John digressed out of curiosity. "Why can't your father work? He didn't look like a stroke victim to me."

"The stroke damaged his memory and comprehension. He does okay in everyday life, but he's a mechanical engineer. He just isn't able to think and problem-solve well enough to do his job anymore. They're hoping therapy will help in time, but it may not."

"Sorry to hear that. Can you tell me who loaded his gun last, and when?"

She shrugged. "I don't know. I don't know when he last used it. Before his stroke, for sure."

John jotted notes, keeping his eyes on his pad. Trying to look deceptively bored. "He can still load the gun, right? After the stroke? He knows how to do that?"

"I can't imagine that he wouldn't. He can load the dishwasher."

John raised his gaze to lock with hers. "Did you believe it was loaded with real rounds?"

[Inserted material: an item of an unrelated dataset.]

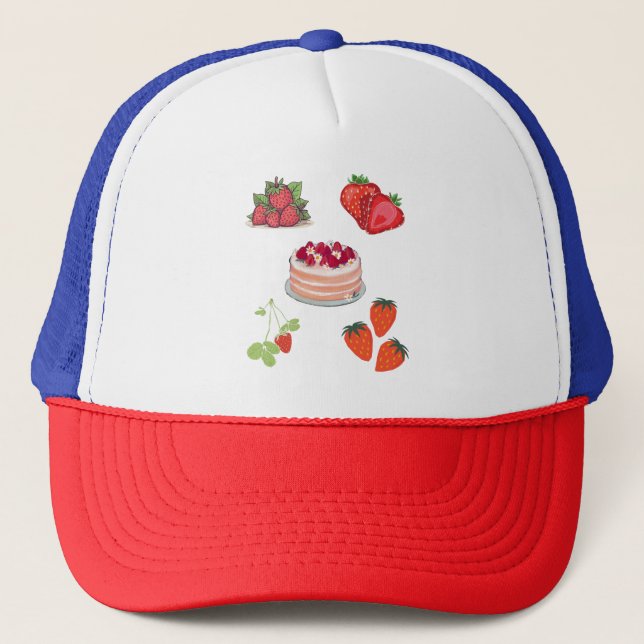 Boné Delícias de Morango – Ilustração Fofa de Frutas (Frente)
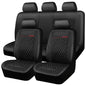 CAR PASS Quilting Faux Leather Seat Covers Full Set, Waterproof Deluxe Premium Seat Cover with 5mm Composite Sponge Inside, Airbag Compatible Auto Seat Cover Universal Fit for 95% Sedan SUV Van, Black - color: Black and Black, size: Full Set (Front and Re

Her eyebrows seesawed from "over-the-nose annoyed" to a raised "oh-shit." She recovered in an instant, russet brows angling into an angry V. "What's that supposed to mean?"

"All you have to do is answer the question," he said with a lazy half-shrug, as if the question were routine. "Just the facts, as they say." "You can't shoot my dad! You can't shoot my dad!" echoed in his mind.

Of course not. Because he couldn't shoot me.

"What else would it be loaded with?" she said. Her eyes snapped to the slider. "Dad's awake."